5 thoughts on “The Dissing of Henry George”

  1. Conventional economics has never sought to address the exclusion of land from the normal rules. Land is attributed an unwritten set of rules that puts it in a deeply cherished class of property where wealth can be salted away unassailed by usual taxes and claims.

    There seems to be a psychological-cultural need for those who have some wealth to place it is a safe place where it is more protected from erosion, a safe haven where it is open to accuel but not costs. Until we can challenge this attitude that allows wealth to sit safely beyond the day-to-day operation of capitalism, only to be placed out there when wanting to take a risk, and protected from tax and risk during inclement weather, it will always remain the domain of those who have wealth, like the family silver, which puts those with land at an eternal advantage – by access to mechanisms of capitalism and rent – and over those who do not.

    This privilege that creates a landarchy is entirely artificial but still deeply rooted in a cultural attitude to wealth and the state’s duty to preserve it. If we ask everyone to pay a ‘national ground rent’ to society the negative response is almost entirely one of cognitive dissonance, because the state is there to exclude private wealth from normal discourse and should never make such a direct claim in return for that protection.

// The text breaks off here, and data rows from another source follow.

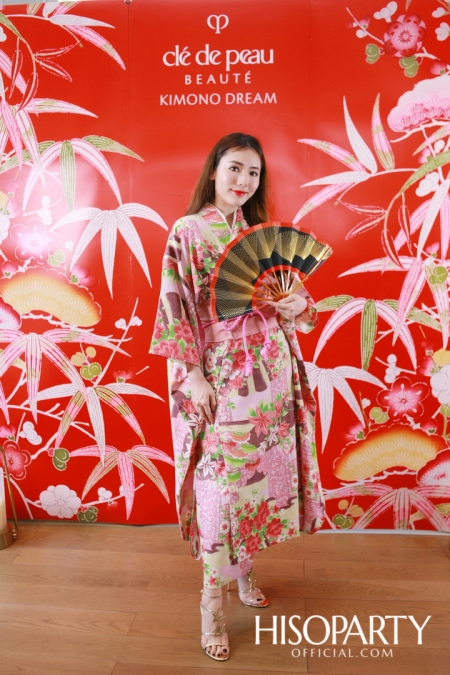 Clé de Peau Beauté 'Collection Rêve de Kimono | Kimono Dream Autumn-Winter 2019'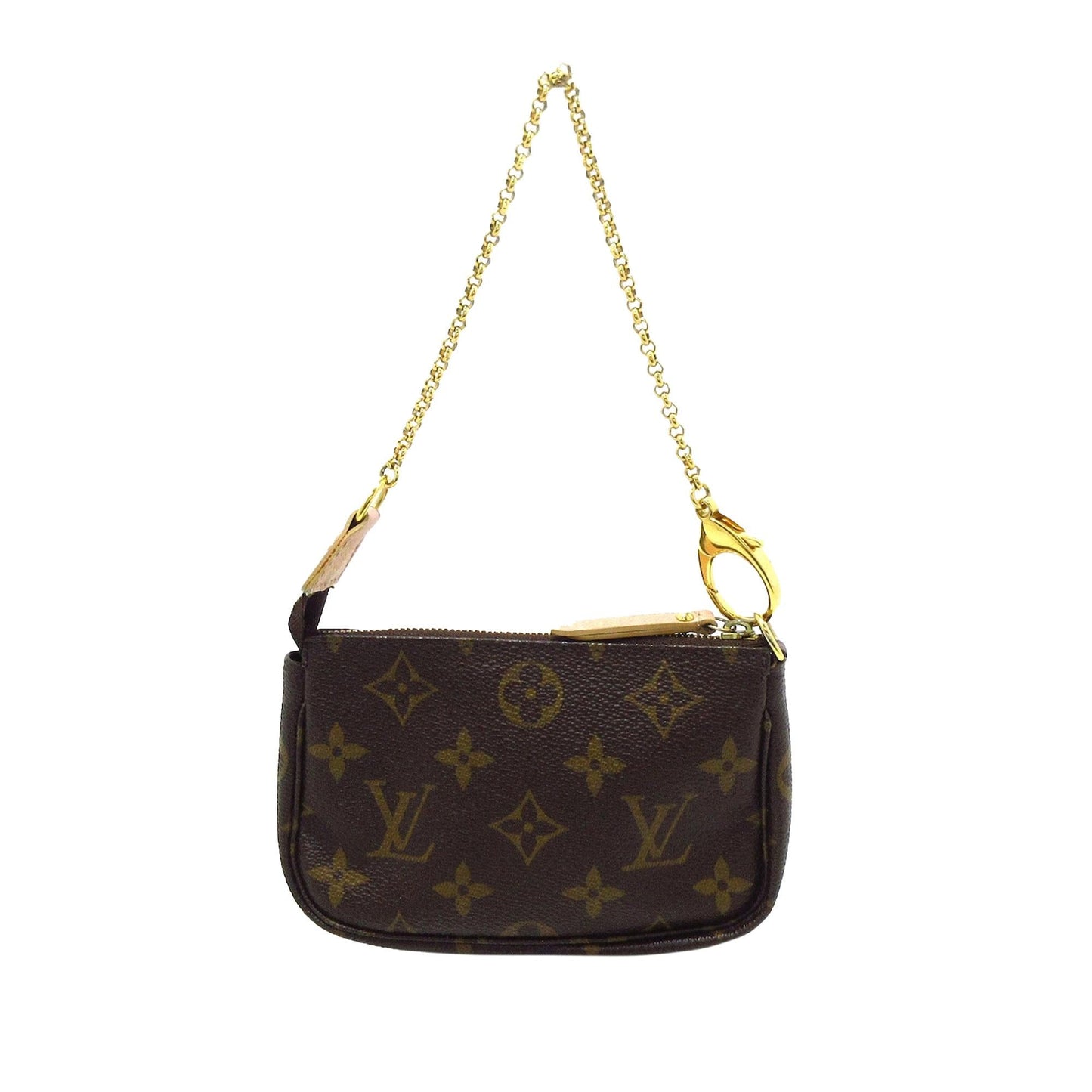 Louis Vuitton Monogram Affiche Mini Pochette Accessoires (SHG-iGvSGL)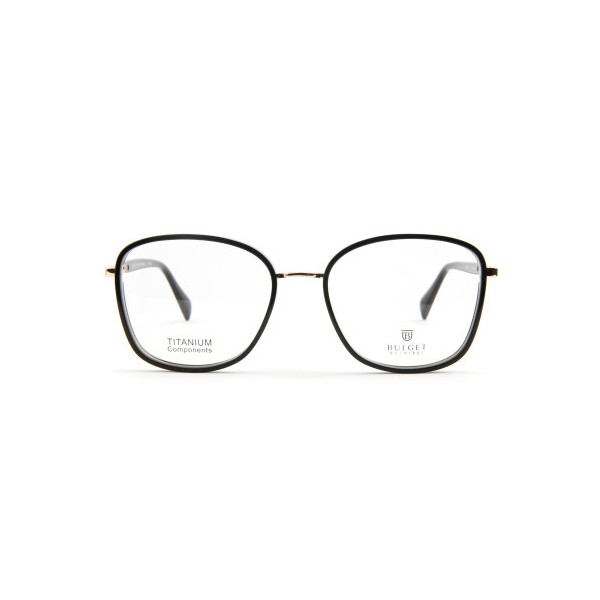 Occhiali da Vista Bulget BG2026T A01 squadrata acciaio inox donna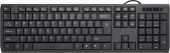 Фото Клавиатура проводная Defender OfficeMate SM-820 USB Black купить в MAK.trade
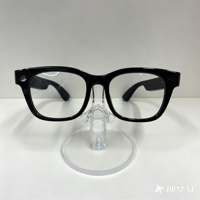 Lunettes Intelligentes JM93 avec Caméra IA Sans Fil 8MP, Traduction en Temps Réel, Appels, Étanches, Lunettes de Soleil Élégantes, Cadre ABS à Bouton-Poussoir, 265 mAh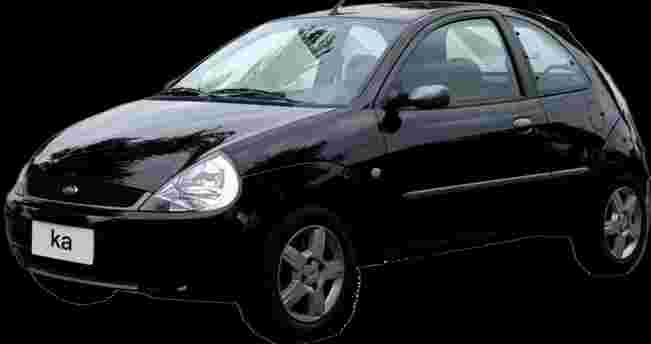 Ford Ka GL 1.0i Zetec Rocam - 2001 - Gasolina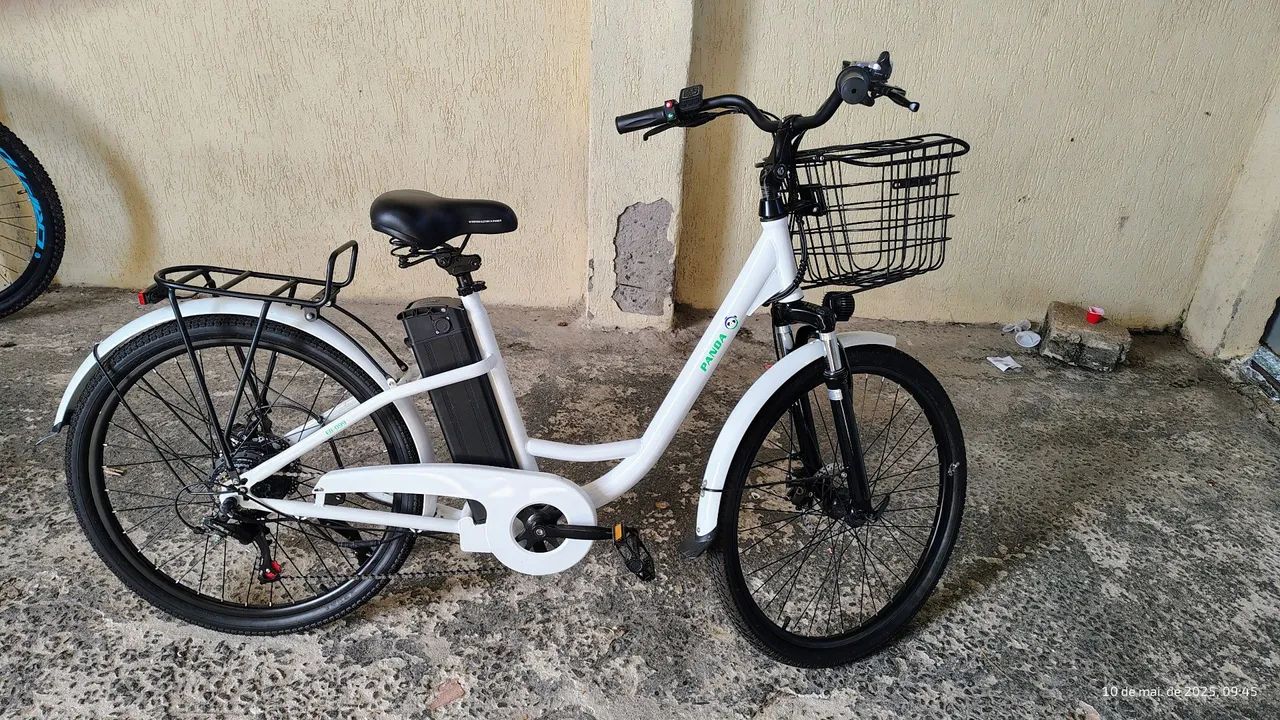 Vendo ou troco Bicicleta Elétrica Panda - Foto 2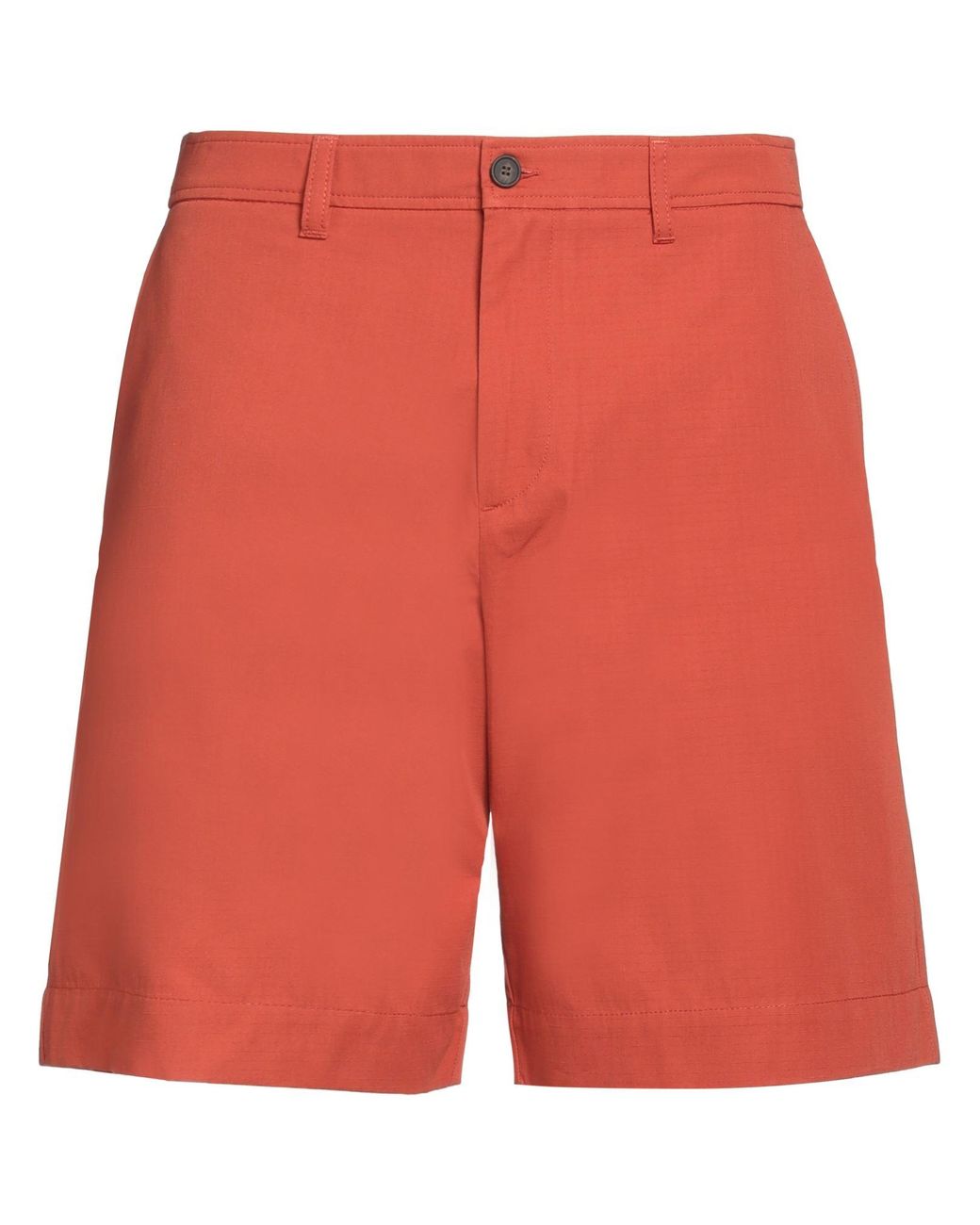 Maison Kitsuné Red Shorts & Bermuda Shorts Cotton for men
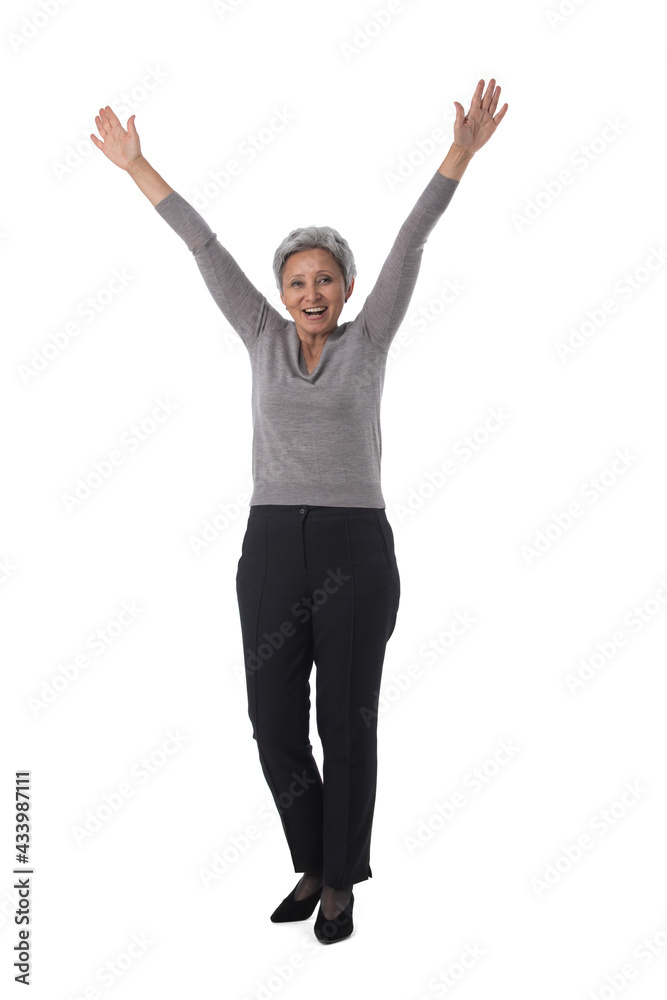 Mature asian business woman Mature asian business woman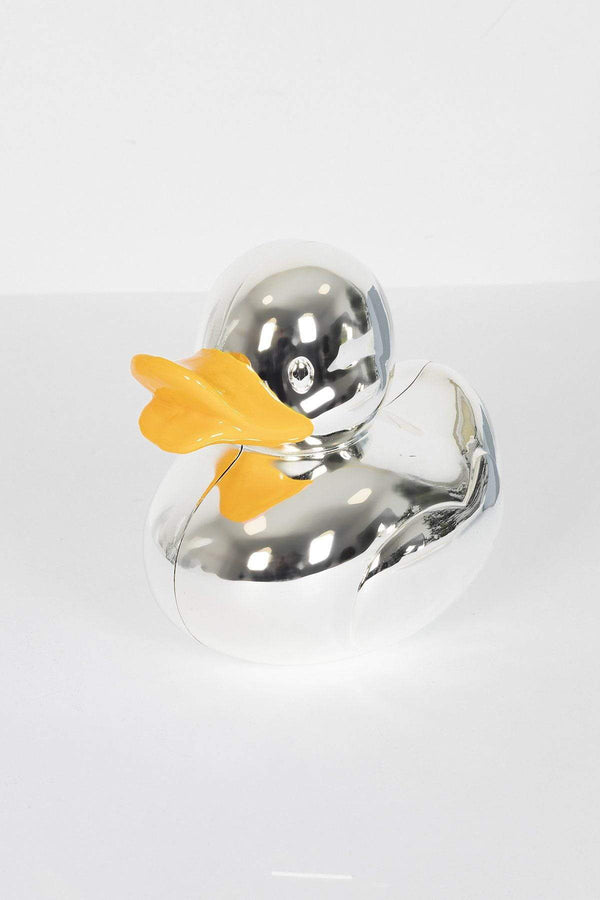 Carraig Donn Silverplate Duck Money Bank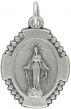Ornate Border Miraculous Medal   (Minimum quantity purchase is 2)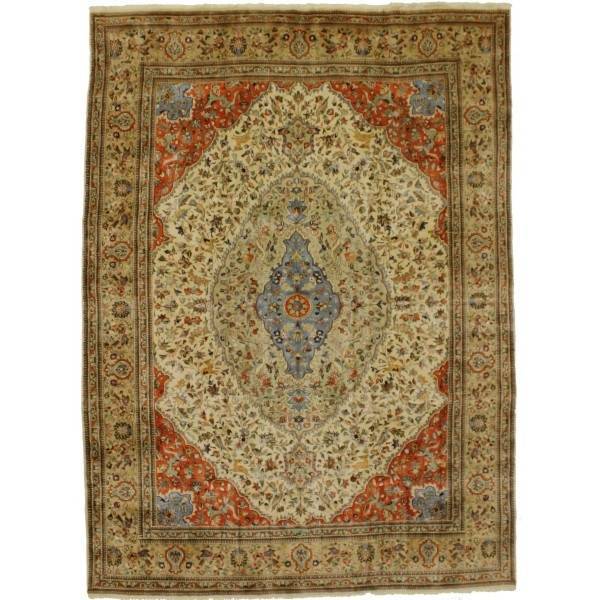 hand-knotted persian rug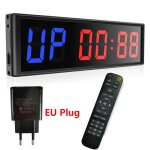 Minuterie d'intervalle led programmable, compte a rebours, chronomètre avec télécommande, minuterie de ... Minuterie d'intervalle led programmable, compte a rebours, chronomètre avec télécommande, minuterie de ...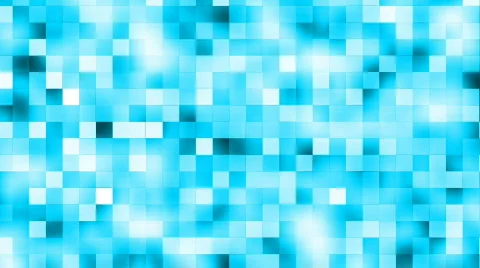 Blue squares Stock Footage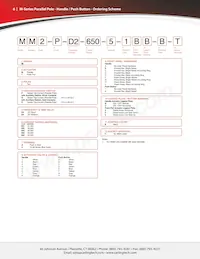 ME1-B-12-430-1 A16-2-J Datasheet Pagina 6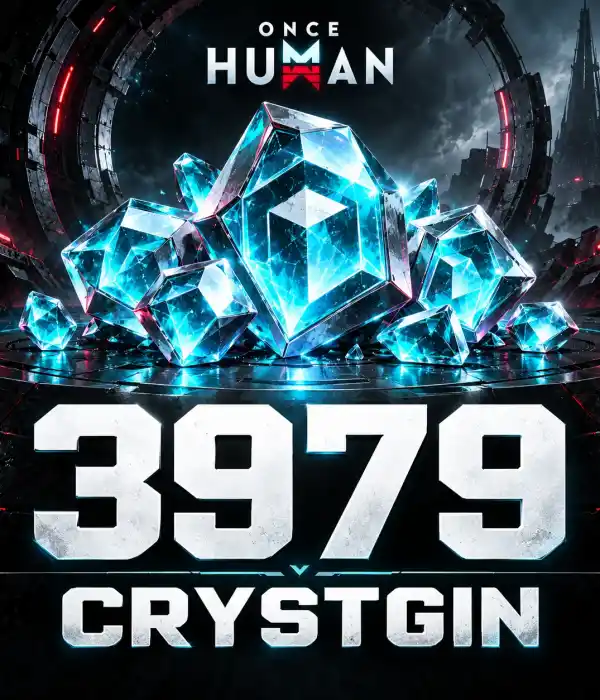 Once Human 3979 Crystgİn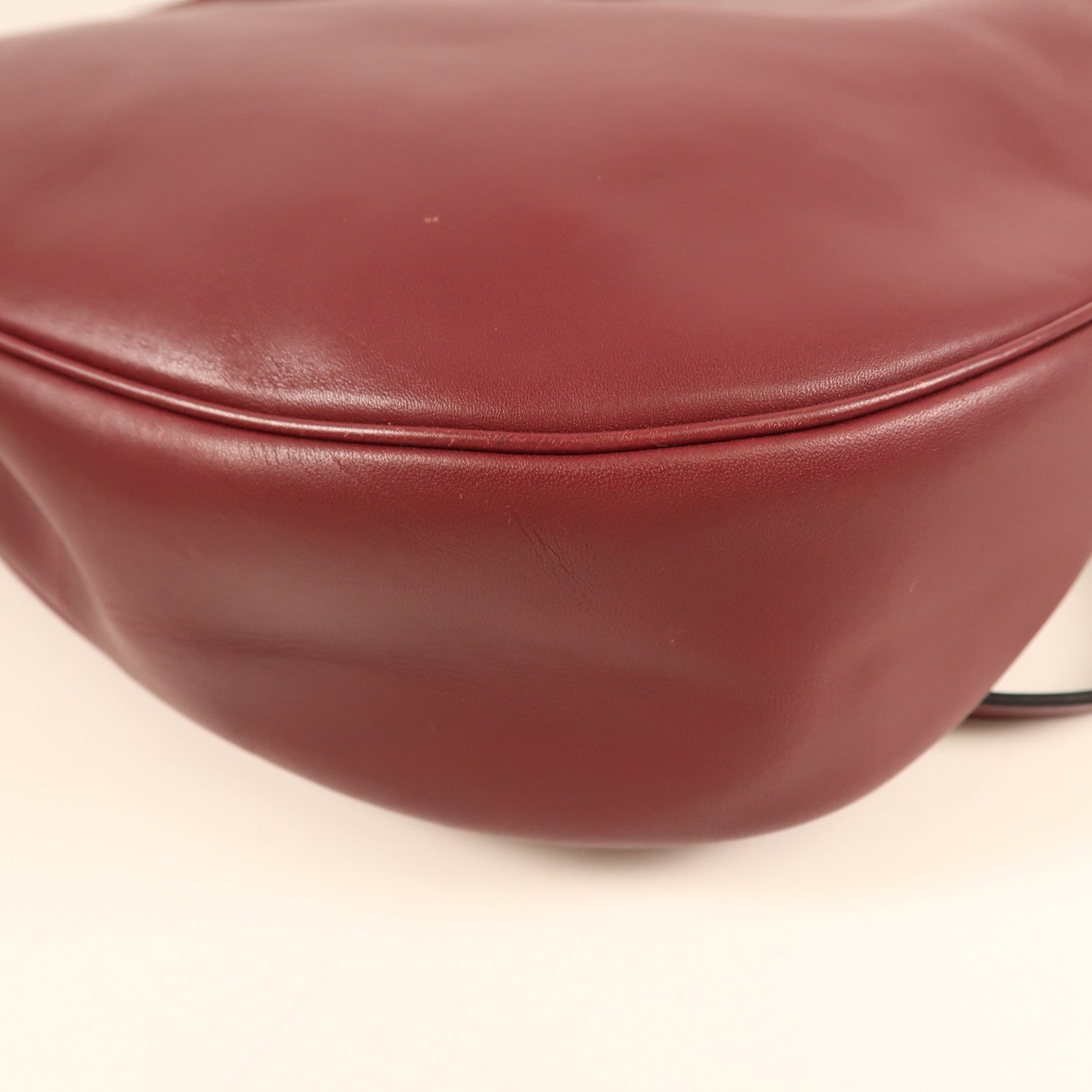 COACH 牛皮皮革2 Way Shoulder金扣手挽肩背兩用袋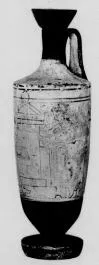 LEKYTHOS (ATHENIAN, RED-FIGURE)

    You have illustrated how right and left of conventional economics deftly ignore the trait of landarchy and baronism that runs through all societies.

  2. Love this! I find that unfashionable thinkers of the Victorian era often have a lot to offer us contemporary progressives if we can get past a whiff of the musty. I find a similar appeal in the theological writings of FD Maurice, whom I assume no self-respecting contemporary theologian would ever bother with these days, but who has a surprisingly supple spirituality to him. Thanks for bring light to this long-almost-forgotten figure.

  3. I think that the dynamics of local government created an obstacle to Geologist site value taxation. Local officials have to get reelected and they need a mechanism to rely on when challenges occur and they need campaign cash. Property taxes are ideal for this. Real estate owners are acutely aware that their future net income depends on having some control over taxes. What we have evolved into is an ongoing situation where investments in new building are routinely accompanied by “tax abatements” or (a major aspect of the current building boom in NYC) “payments [much lower] in lieu of taxes (PILOTs)”. This combines Georgist thinking with political reality. It’s the Mother’s Milk of Donald Trump’s ascent. The Grand Hyatt is based essentially on his negotiating a tax break for renovation of the Commodore Hotel, and his shopping the tax break around until Hyatt gave him the deal he needed. The Grand Hyatt’s tax abatements don’t expire until 2020.

  4. Henry George made a whistlestop to my little town of Katoomba, an hour and a half out of Sydney. This was in 1890. The Australian Government had a leading Georgist, Clyde Cameron, as part of its ministry from 1972-75. In this talk, economist Bill Mitchell gives some of this history. Though in describing George as a free trader he challenges his Georgist audience (see Here is the website of the Sydney Georgist society ( I have come to this site through links to a recent book, “Game of Mates” which discusses land rezoning and the theft of the public benefit from this rezoning. The case is made that only our national capital operates on Georgist principles to tax this rezoning as a public good. In the rest of the country it is a free for all to take what you can. It should come as no surprise that Australia has a major speculative bubble which is locking young people out of the housing market in our capital cities. Thanks for a great blog. Your blog was mentioned in one of the promo pieces for the book.